Task directions: In the listing below, the answer starts at the line that has "2012 TOYOTA Sequoia" and stops after the line that has "Dell Precision 5550"; please repeat that part exactly and nothing more.

Information provided:
-.-.-

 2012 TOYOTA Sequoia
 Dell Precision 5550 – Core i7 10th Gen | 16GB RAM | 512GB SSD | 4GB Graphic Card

-.-.-

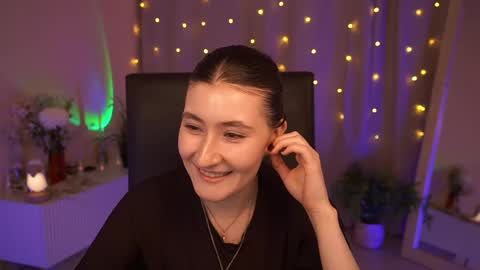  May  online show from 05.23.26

-.-.-

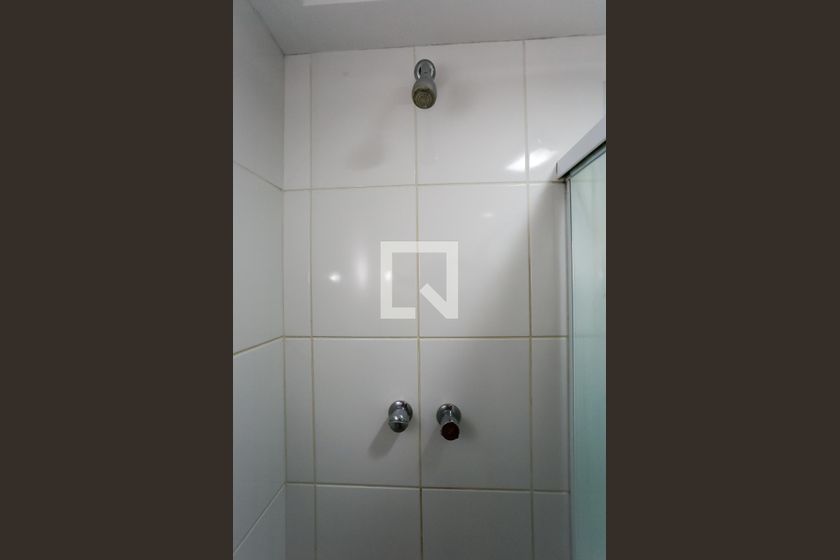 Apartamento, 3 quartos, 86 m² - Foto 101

-.-.-

Result below:
 2012 TOYOTA Sequoia
 Dell Precision 5550 – Core i7 10th Gen | 16GB RAM | 512GB SSD | 4GB Graphic Card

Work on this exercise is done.